So there is not a lot of VARs, you got to allocate to that and it’s a very efficient use of capital of the balance sheet. Even in these latest times of volatility you’re seeing a natural gas having this group internally has allowed us to earn additional returns against the crush because we’ve been able to flex our gas around.

Thirdly, we’re very excited about our vegetable oil trading team. It is a team that will [tee] [ph] off of our 250 million pounds of corn oil but also has extensive contacts globally, has traded in excess of 500 million pounds of oil and we believe that will be just a great additive to what we do both domestically and globally both in servicing the feed markets, the diesel markets and then the renewable diesel markets and then the renewable diesel markets globally.

So we kind of look at these there is not a lot of VAR needed for these business and we’ve always focused on low VAR and that’s basically how we’re thinking about our trading businesses today.

Laurence Alexander - Jefferies

And then what’s the return on capital expectations are you placing on that business compared to looking at acquisition north for hurdle rate?

Todd Becker

Like I said I mean they use very little of our balance sheet to generate the excess returns that we’re getting in marketing and distribution. So you have to be careful how quickly you can scale that business because we’re very thoughtful on our approach, this isn’t anything none of have done – we’ve all done this before.

But in terms of, you have very outside returns on capital use versus asset acquisitions. So there isn’t much of a comparison except to say that the reason people scale businesses like this that they can keep their risk profile low is because you have outsized return on an asset like trading business like this versus an asset heavy processing business but you can’t -- we don’t believe that you could continue to build a merchant business without a very large strong based asset business.

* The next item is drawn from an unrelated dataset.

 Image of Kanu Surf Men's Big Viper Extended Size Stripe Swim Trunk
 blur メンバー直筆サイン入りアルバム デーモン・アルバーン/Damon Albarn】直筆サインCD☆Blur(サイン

And that’s why we’re able to now finally capitalize on those flows.

Laurence Alexander - Jefferies

And with the margins that you’ve locked in on the first quarter, how does that set up the sequential comparison? Do you think you can match the performance that you saw in the fourth quarter?

Todd Becker

Yes, we believe we will match or exceed the performance in the fourth quarter in the first quarter that’s how it’s stacking up today. And on the 60% of the second quarter is actually not, it’s within the same ranges but we still have some work to do.

So there is more volatility when you have 40% more to lock away and even more than that in the physical side, but I would tell you that overall the first half will be strong and as strong as on record. The first quarter will exceed the fourth quarter based on everything we know today.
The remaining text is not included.